Larry, My favorite pepper jellies are those that contain fruit and peppers, like Habanero Gold or Cherry Explosion. The blend of sweet and hot is just superb. We like pepper jellies best on crackers with a smear of cream cheese topped with the hot pepper jelly. Some of our friends add them to grilled jalapeno poppers that are stuffed with cream cheese, topped with Habanero Gold jelly and wrapped in bacon. They then grill them on the BBQ grill while grilling burgers or chickens. They also eat Habanero Gold and other pepper jellies with tortilla chips.

You can make jelly if you can boil water. Jams, jellies and preserves only require being canned in a boiling water bath, so you don't even have to deal with a pressure canner.

Paula, I do remember that you'd thrown away all those hulls and am sure we'll laugh about it for years and years. I didn't get a lot of southern peas either this year, partly because I didn't plant many of them until I'd already harvested cool season crops and then put the southern peas in their spot. By the time they were flowering and making peas, the heat was just so brutal and the grasshoppers were hungry. Next year just has to be better!

We need to make a list of other "odd" things that can be made into jelly, like rose hips, for example. (I hope you didn't just throw away a gallon bag of rose hips! lol)

Carol, I've noticed some wide variations in the color of my Habanero Gold too, depending on which color habs and sweet peppers I use.

I have a dozen of the flat type half pint jars, also a gift from Seed Mama, and they are so pretty that I intend to buy and use more of them next year. They are pretty hard to find in the stores here, so I'll need to keep my eyes open.

I graze in the garden too, Larry. It is one of the pleasures of being a gardener--being able to eat handfuls of strawberries, cherry tomatoes, edible podded peas, etc. while working outside. Tim always seems surprised when I'm not hungry for dinner after spending a late spring or early summer day working outside in the garden. If he were out there with me and saw how much I graze (yes, just like a goat!) my way through the garden, he'd know why I'm not hungry in the evening. He assumes I'm not hungry because of the heat, but usually it is because I've been pigging out on tiny tomatoes and green beans all day long.
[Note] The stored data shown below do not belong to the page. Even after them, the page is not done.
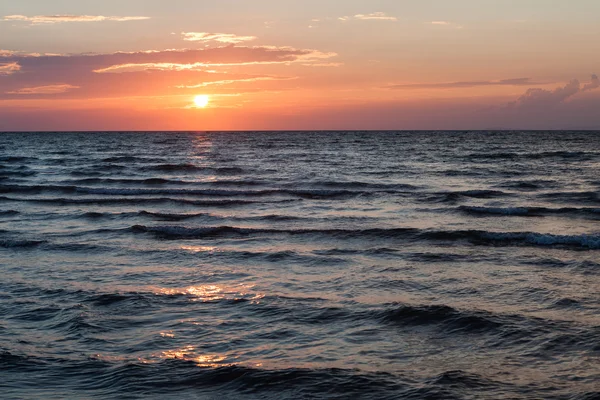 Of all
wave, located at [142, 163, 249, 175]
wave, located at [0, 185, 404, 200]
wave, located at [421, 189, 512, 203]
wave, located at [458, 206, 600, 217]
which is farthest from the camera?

To me, one of the huge benefits of being a gardener is that I can cut and carry armloads of flowers indoors for bouquets, snip fresh herbs to use in cooking or to add flavor to iced tea, and with all the fresh things to nibble in the garden, who needs Gatorade? I just eat handfuls of small tomatoes or fresh fruit straight from the tree instead.

My absolute favorite day of summer is the first day I get to stand in the orchard, pick a ripe plum or peach, and eat that fresh fruit, still warm from the sunlight with the juice dripping down my chin, while standing there in the yard, watching the birds, butterflies, bees, moths, etc. working their way through the landscape, visiting the flowers, etc. There isn't any moment in the yard all year long that beats that perfect day.